:: PROVIDED DATA ::
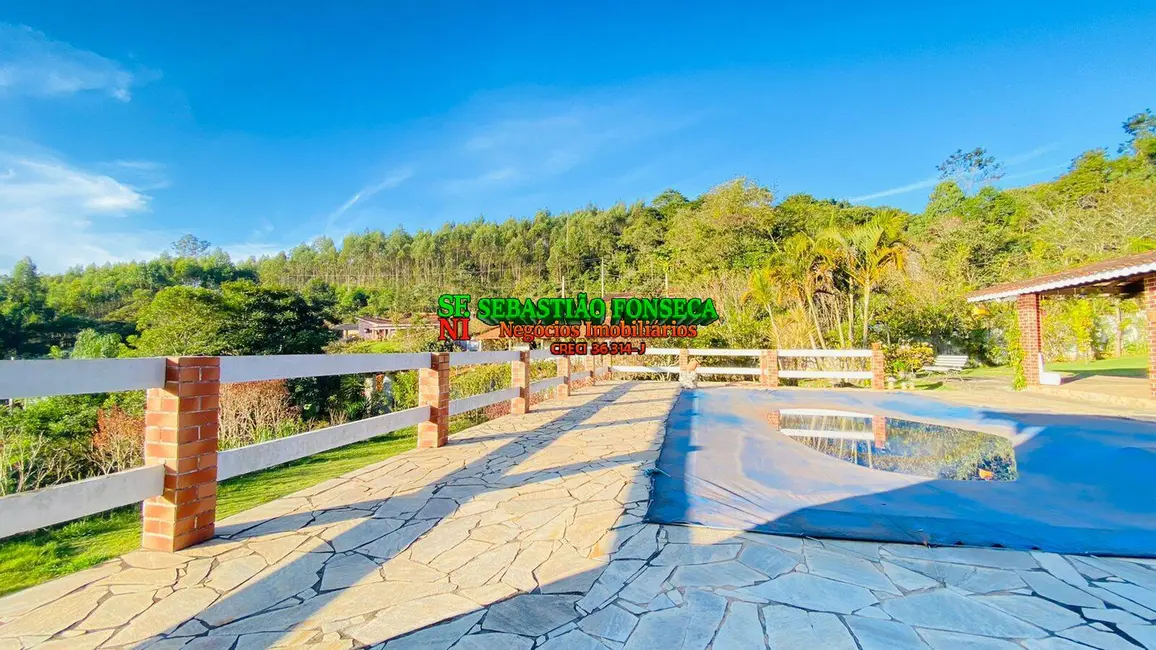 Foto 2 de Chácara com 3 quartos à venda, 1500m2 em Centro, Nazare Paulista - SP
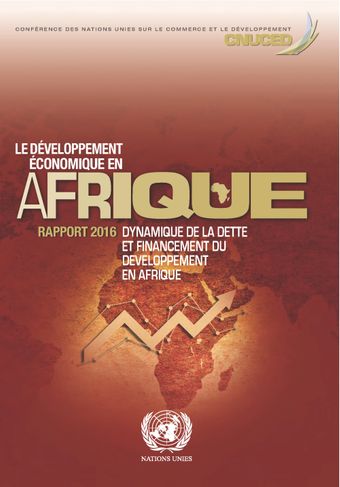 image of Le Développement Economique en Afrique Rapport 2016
* * *
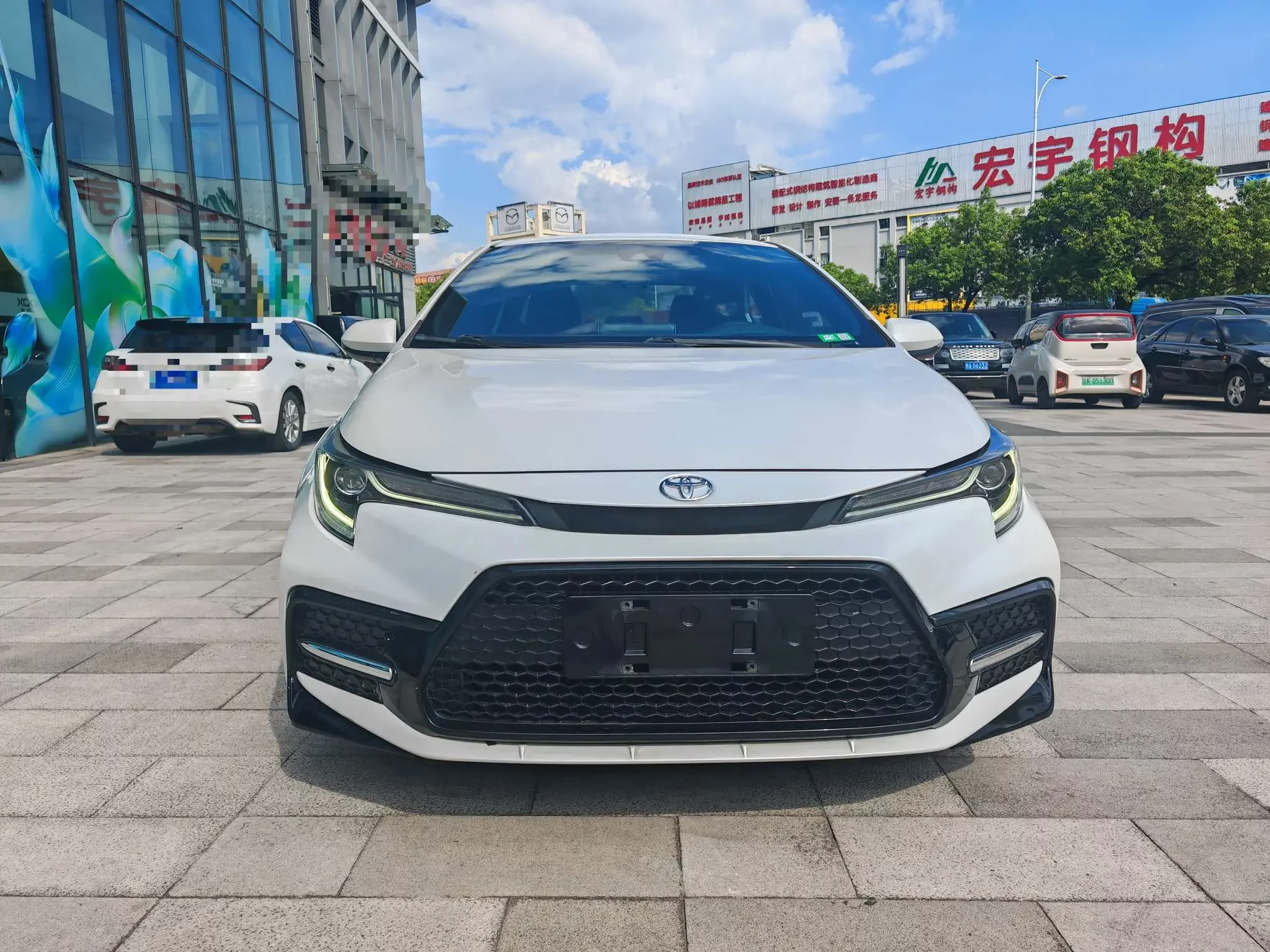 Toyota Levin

:: EXERCISE PROMPT ::
Give back, exactly and without pictures, the stretch of the records above from the line containing "Foto 2 de Chácara" through the line containing "image of Le", with both end lines included.

:: RESPONSE ::
 Foto 2 de Chácara com 3 quartos à venda, 1500m2 em Centro, Nazare Paulista - SP
 image of Le Développement Economique en Afrique Rapport 2016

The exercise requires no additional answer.